• _TASK STATEMENT_: Repeat all of the records verbatim.

-------- THE INPUT

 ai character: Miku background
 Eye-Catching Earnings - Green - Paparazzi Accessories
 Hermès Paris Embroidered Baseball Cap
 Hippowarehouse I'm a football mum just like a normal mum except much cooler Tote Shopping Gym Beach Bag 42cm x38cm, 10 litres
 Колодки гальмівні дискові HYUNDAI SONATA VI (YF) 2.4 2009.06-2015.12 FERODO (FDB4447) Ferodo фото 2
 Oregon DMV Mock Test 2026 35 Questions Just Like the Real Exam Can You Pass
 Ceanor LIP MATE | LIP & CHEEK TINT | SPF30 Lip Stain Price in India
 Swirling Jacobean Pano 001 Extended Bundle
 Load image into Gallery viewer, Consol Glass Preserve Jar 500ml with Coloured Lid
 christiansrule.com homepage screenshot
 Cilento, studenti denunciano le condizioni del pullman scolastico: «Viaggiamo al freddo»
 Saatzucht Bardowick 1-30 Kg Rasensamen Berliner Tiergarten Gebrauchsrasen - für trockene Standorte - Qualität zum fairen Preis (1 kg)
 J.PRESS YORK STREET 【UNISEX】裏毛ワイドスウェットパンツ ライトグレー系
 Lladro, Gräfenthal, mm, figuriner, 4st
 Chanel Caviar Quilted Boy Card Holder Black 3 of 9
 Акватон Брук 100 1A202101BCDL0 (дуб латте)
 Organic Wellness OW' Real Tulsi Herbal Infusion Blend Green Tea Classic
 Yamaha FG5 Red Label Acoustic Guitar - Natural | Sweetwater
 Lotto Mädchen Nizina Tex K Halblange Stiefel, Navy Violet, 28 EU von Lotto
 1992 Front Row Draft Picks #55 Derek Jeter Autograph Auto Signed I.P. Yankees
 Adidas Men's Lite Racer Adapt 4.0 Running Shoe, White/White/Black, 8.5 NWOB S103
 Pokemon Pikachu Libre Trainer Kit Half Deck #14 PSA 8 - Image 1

----------------

• _OUTPUT_:
 ai character: Miku background
 Eye-Catching Earnings - Green - Paparazzi Accessories
 Hermès Paris Embroidered Baseball Cap
 Hippowarehouse I'm a football mum just like a normal mum except much cooler Tote Shopping Gym Beach Bag 42cm x38cm, 10 litres
 Колодки гальмівні дискові HYUNDAI SONATA VI (YF) 2.4 2009.06-2015.12 FERODO (FDB4447) Ferodo фото 2
 Oregon DMV Mock Test 2026 35 Questions Just Like the Real Exam Can You Pass
 Ceanor LIP MATE | LIP & CHEEK TINT | SPF30 Lip Stain Price in India
 Swirling Jacobean Pano 001 Extended Bundle
 Load image into Gallery viewer, Consol Glass Preserve Jar 500ml with Coloured Lid
 christiansrule.com homepage screenshot
 Cilento, studenti denunciano le condizioni del pullman scolastico: «Viaggiamo al freddo»
 Saatzucht Bardowick 1-30 Kg Rasensamen Berliner Tiergarten Gebrauchsrasen - für trockene Standorte - Qualität zum fairen Preis (1 kg)
 J.PRESS YORK STREET 【UNISEX】裏毛ワイドスウェットパンツ ライトグレー系
 Lladro, Gräfenthal, mm, figuriner, 4st
 Chanel Caviar Quilted Boy Card Holder Black 3 of 9
 Акватон Брук 100 1A202101BCDL0 (дуб латте)
 Organic Wellness OW' Real Tulsi Herbal Infusion Blend Green Tea Classic
 Yamaha FG5 Red Label Acoustic Guitar - Natural | Sweetwater
 Lotto Mädchen Nizina Tex K Halblange Stiefel, Navy Violet, 28 EU von Lotto
 1992 Front Row Draft Picks #55 Derek Jeter Autograph Auto Signed I.P. Yankees
 Adidas Men's Lite Racer Adapt 4.0 Running Shoe, White/White/Black, 8.5 NWOB S103
 Pokemon Pikachu Libre Trainer Kit Half Deck #14 PSA 8 - Image 1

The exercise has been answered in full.